Per schivare il malcelato rischio di restare fulminati per aver osato guardarla nella sua nudità, valutata ‘na vergogna’ da un ‘Pretozzo’ fra gli accorsi con corde e scale intorno al pozzo dal quale – secondo la descrizione di Trilussa – si era levato il grido d’aiuto della Verità, ormai sommersa dall’acqua fino ‘ar gargarozzo’, fu accolta col favore di tutti la proposta del prete “de coprilla un po’ per uno”.

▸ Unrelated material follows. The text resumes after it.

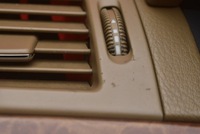 фото thumb №5, Панель приладів приладова консоль панель приладів подушка безпеки eu mercedes s-klasa w221 05-09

In un battibaleno il pozzo si riempì dei più diversi indumenti lanciati dai presenti per risolvere pretestuosamente “un affare sconveniente” per addotti motivi di buoncostume, a danno dell’individualità della Verità. Che, infatti, uscita dal pozzo ricoperta da vesti non sue, non mancò di lamentare l’offesa subita, stornellando: “Fior de cicuta,
Ner modo che m’avete combinata
Purtroppo nun sarò riconosciuta!”
Passa il tempo. Cambiano e passano le generazioni. Non cambia e permane immarcescibile il dannato malcostume di tacitare ad ogni costo verità scomode, di falsare fatti e giudizi ad onta persino delle leggi e della giustizia, senza farsi scrupolo delle lesioni causate alle persone nella loro dignità, nei loro diritti fondamentali e nei loro beni individuali e materiali.
Operazioni spregiudicate condotte all’ombra dell’opportunismo per regolare i conti in faccende losche con condanne, diabolicamente truccate, a bere la cicuta.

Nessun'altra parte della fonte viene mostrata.